Eighteen parking patrol employees are represented by the American Federation of State, County and Municipal Employees (AFSCME) Local 1847A.The airport is operated by the Port of Portland and parking patrol workers are responsible for moving the vehicular and pedestrian traffic at the congested, construction-impacted facility.
The Northwest Oregon Labor Council (NOLC) cited in the Port to explain why it shouldn't be placed on the Unfair List of organized labor. Bob Neibert, director of human resources, and Brenda Meece, labor relations manager, represented the Port at the Dec. 8 meeting of NOLC's Executive Board.
The parking patrol workers are seeking phased-in wage parity with parking patrol attendants at the City of Portland, who also are represented by AFSCME. The differential is as much as 20 percent at the top end, according to Business Representative Sam Gillispie.
PDX employees also are seeking parity for health and welfare coverage.
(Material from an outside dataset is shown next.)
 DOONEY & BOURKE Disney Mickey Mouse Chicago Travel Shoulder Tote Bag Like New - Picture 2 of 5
Currently they must work 28 hours a week to qualify for coverage while most part-time employees at the Port of Portland need only 20 hours to get fringe benefits, Gillispie said.
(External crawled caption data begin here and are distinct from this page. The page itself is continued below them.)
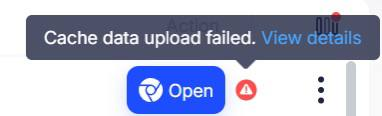 Cache data upload failed-Help Center - AdsPower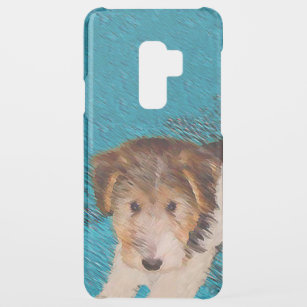 Wire Fox Terrier Puppy Painting - Original Dog Art Uncommon Samsung Galaxy S9 Plus Hülle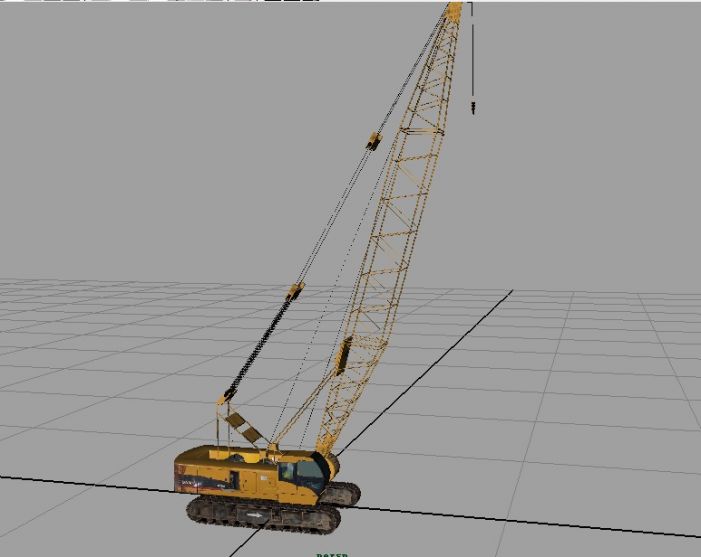 钢板桩 桥搭建施工动画 挖机 吊机模型-CG模型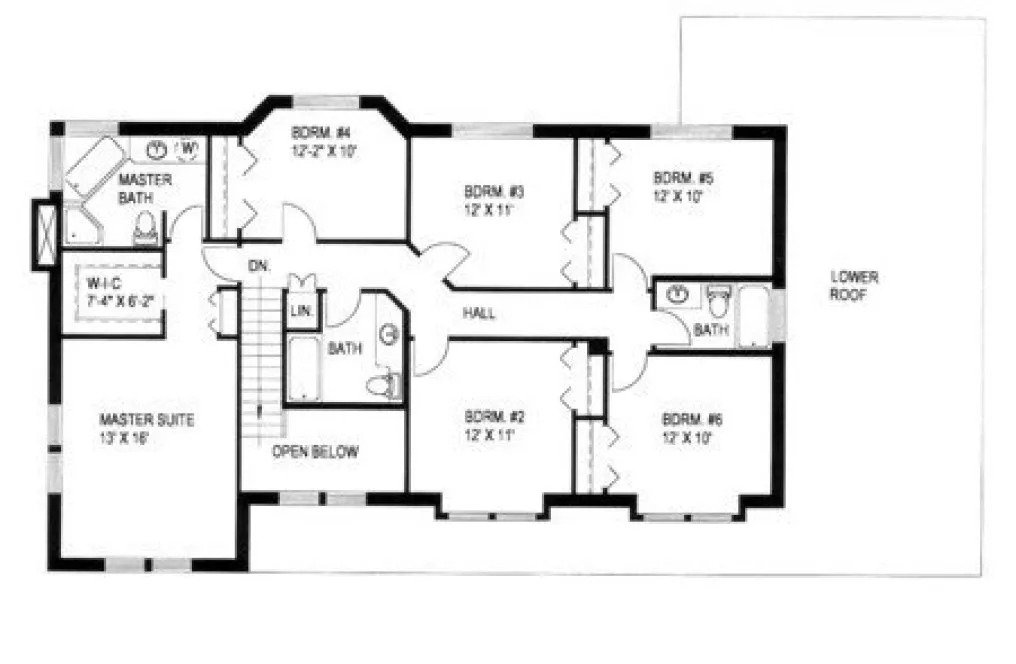 Second Floor Plan for House Plan #451102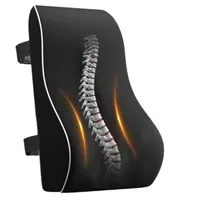 Rückenkissen Auto, Lendenkissen aus Memory Foam, Lordosenstütze Auto, Lendenkissen für Bürostuhl, Ergonomisches Lendenwirbelstützkissen für Autositze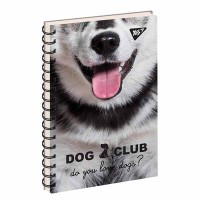 Блокнот В6 на пружині 144 аркуші з роздільниками PETS CLUB YES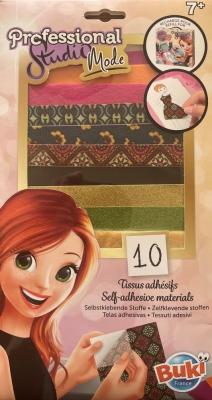 Комплект самозалепващи се материали Buki France - Професионално модно студио, Допълнение, 10 листа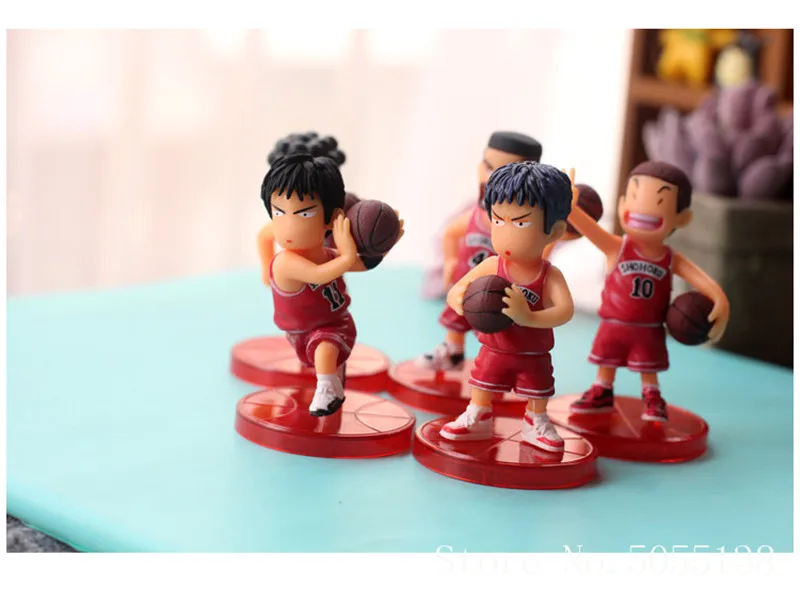 5 шт./лот SLAM DUNK Shohoku баскетбольный игрок Аниме фигурки Куклы ханамичи сакураги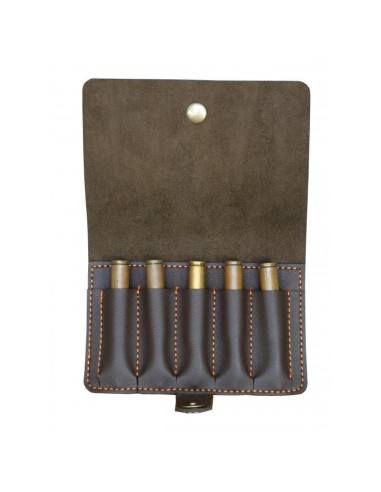 BENISPORT GIBERNA PER CARABINA IN PELLE 5 COLPI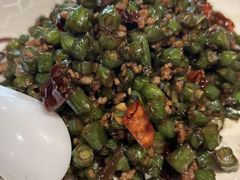 橄榄菜肉末四季豆-嘉厨小馆(宜山路店)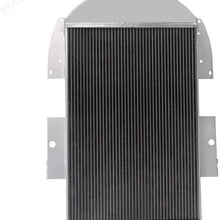 CoolingSky 62MM 4 Row Core Aluminum Radiator for 1934 1935 1936 Chevy Truck Pickup 6Cyl Engine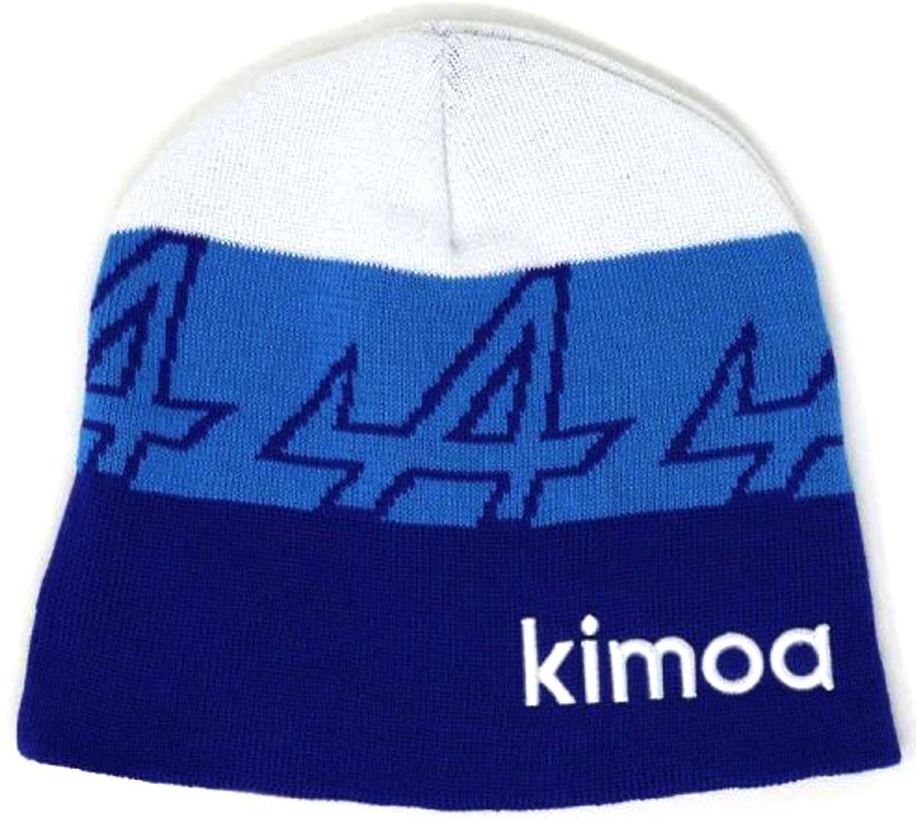 Alpine F1 Alonso Beanie Wit-Blauw-Marine, cappello invernale unisex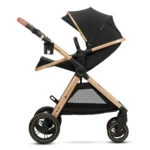 CARUCIOR KINDERKRAFT ESME, 3 IN 1, PURE BLACK - imagine 9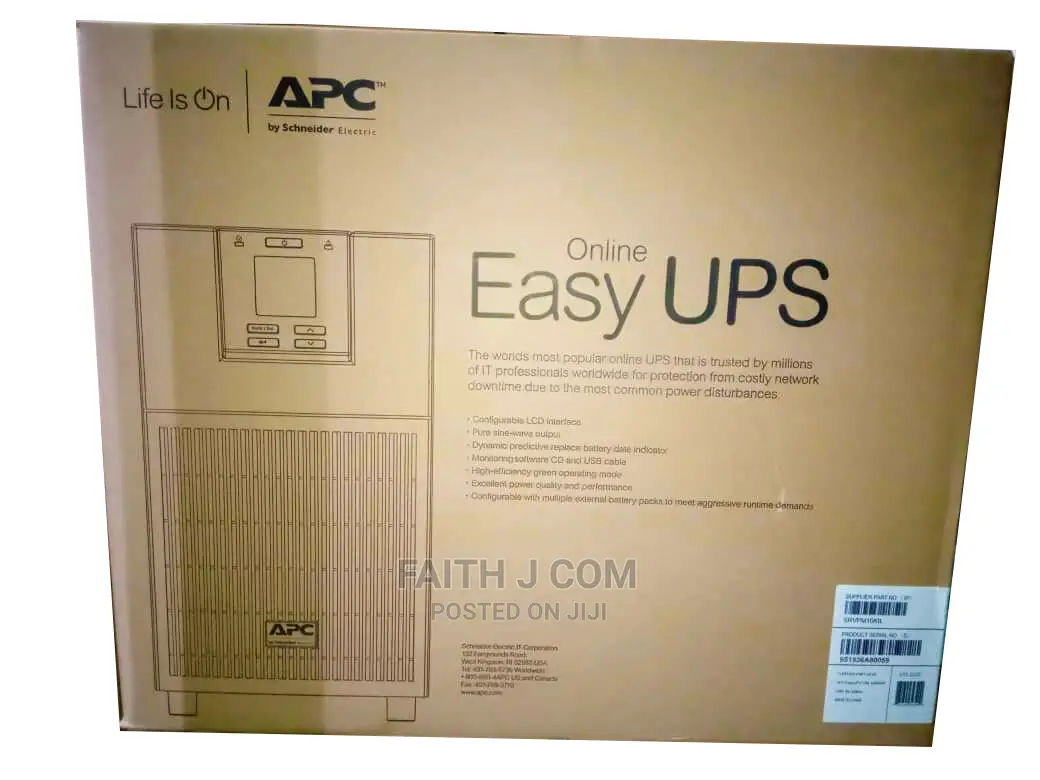 Srv6kil, 6kva APC Easy UPS on-Line SRV 6000va 230V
Full-time employment is another issue. The union insists that adding more full-time jobs will improve efficiency. Approximately 10 of the 18 parking patrol employees want full-time work.
Neibert said there has been a "long, steady debate" about wage parity at the Port for years. He also admitted that "we are a long ways away" from a settlement.
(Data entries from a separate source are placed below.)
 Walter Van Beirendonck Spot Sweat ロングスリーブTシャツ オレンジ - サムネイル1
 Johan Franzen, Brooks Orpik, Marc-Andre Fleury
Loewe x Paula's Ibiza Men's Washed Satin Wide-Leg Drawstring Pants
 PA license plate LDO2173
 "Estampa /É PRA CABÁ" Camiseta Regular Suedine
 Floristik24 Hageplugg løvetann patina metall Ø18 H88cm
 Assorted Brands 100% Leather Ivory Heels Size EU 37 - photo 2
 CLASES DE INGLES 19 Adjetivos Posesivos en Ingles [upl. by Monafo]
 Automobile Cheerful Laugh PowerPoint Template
In the event of a strike, several union leaders said they will "do what we can to help AFSCME out." That early support came from the Columbia-Pacific Building Trades Council, which represents hundreds of workers at airport construction projects, and the International Longshore and Warehouse Union, which loads and unloads ships at Swan Island and other Port facilities.
A state mediator entered the stalled negotiations last week. State law requires a mandatory 15 days of mediation, followed by a 30-day cooling-off period and 10 days' notice to strike. The earliest the parking patrol attendants could walk out would be Jan. 26.
In other Port news, 43 employees at the Port of Portland's Marine Terminals -- represented by a half-dozen locals that make up the District Council of Trade Unions -- ratified a new four-year agreement after rejecting the first offer on a 20-20 vote. The hang-up was retroactive wage increases, which the Port eventually agreed to pay.
Glen Feuerborn, business manager of Municipal Employees Local 483, an affiliate of the Laborers, said negotiations for a crew of landscapers is "coming along."
Unions at the Port met with Director Mike Thorne and department officials Dec. 9 to discuss Port plans and problems.
The Port citing was placed in the hands of the Executive Board with a deadline of Dec. 26.